Die Freundschaft zu Modersohn-Becker und Vogeler bringt Hoetger nach Worpswede, wo er zuerst mit den kommunistischen Ideen Vogelers sympathisiert, aber von reichen Förderern bald in eine andere Richtung gelockt wird. Denn ein weiteres seiner Talente bestand darin, sehr reiche Männer für sich einzunehmen.

Schon 1911 berief der Großherzog Ernst Ludwig von Hessen und bei Rhein Hoetger in seine Künstlerkolonie in Darmstadt. Im Folgenden der Hannoveraner Keksmagnat Hermann Bahlsen und schließlich der Gründer der Bremer Firma Kaffee Hag, Ludwig Roselius, für den Hoet­ger große Teile der Böttcherstraße entwarf und baute.

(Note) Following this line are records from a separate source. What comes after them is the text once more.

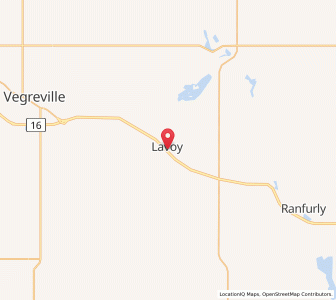 Map of Lavoy, Alberta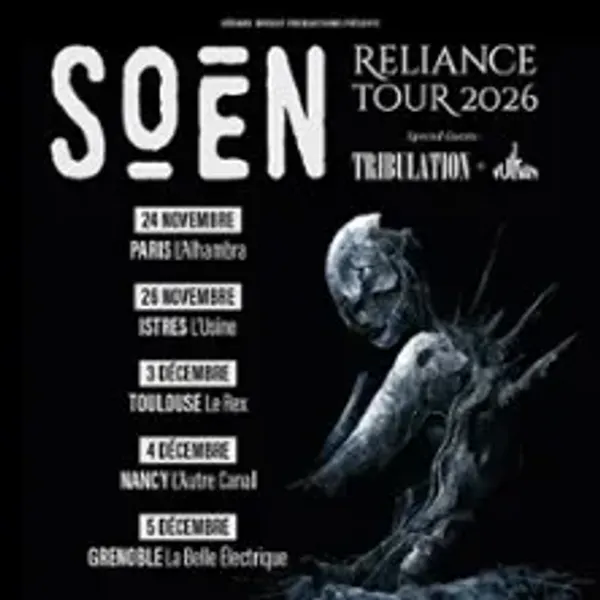Affiche de l'événement Soen + Tribulation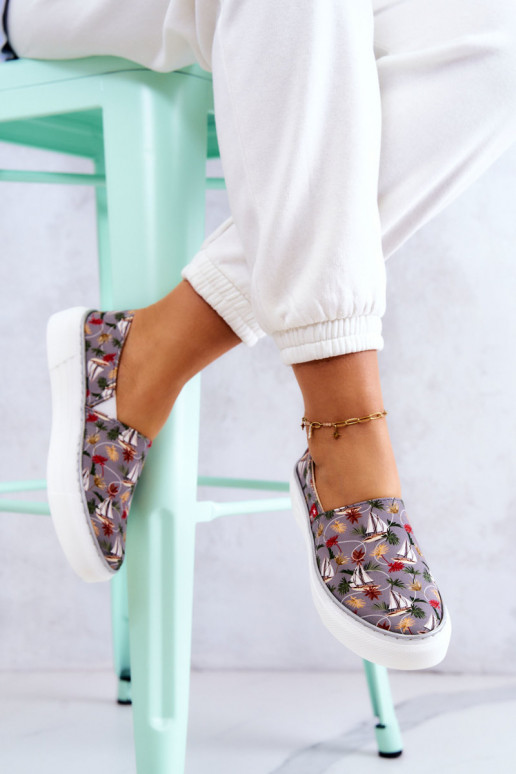 Sneakers Slip On Memory Foam Big Star JJ276015 grijze kleur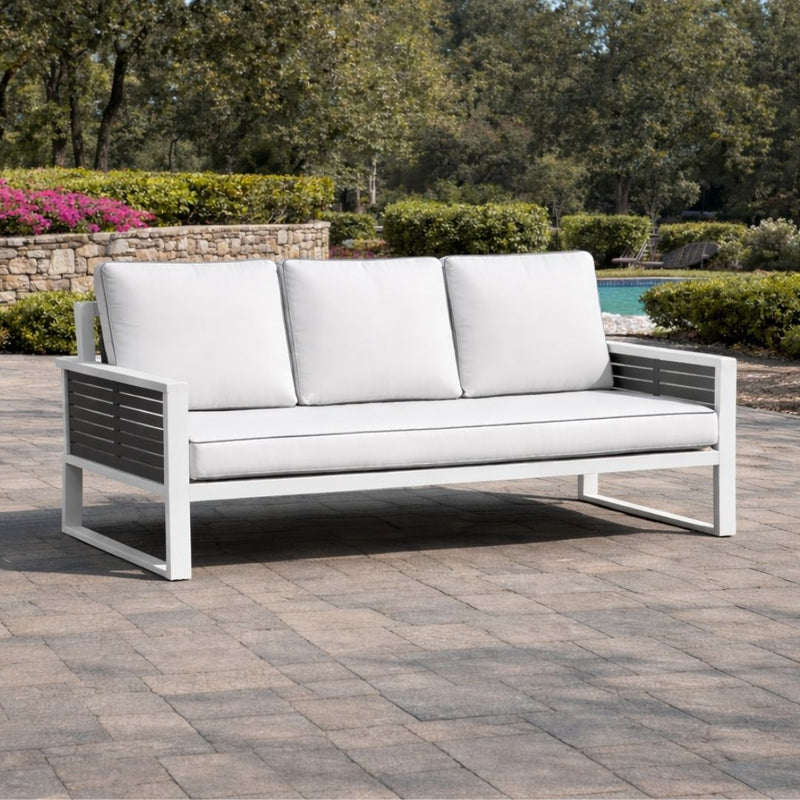 Sofá terraza bicolor 3 plazas · estilo bicolor | 200×76 cm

Dieser gute Draht zu den Mächtigen mag Hoetger zu der Hoffnung verleitet haben, Adolf Hitler würde sein nächster Förderer werden. So war er völlig überrascht darüber, von diesem abgelehnt zu werden. Im Film hört man einen Teil aus Hitlers Rede auf dem Nürnberger Parteitag von 1936, die Hoetgers Schicksal besiegelt. Darin spricht Hitler verächtlich von der „Böttcherstraßen-Kultur“. Hoetger floh in die Schweiz, kehrte aber ins Hitlerdeutschland zurück, wo er zurückgezogen lebte und vergessen wurde.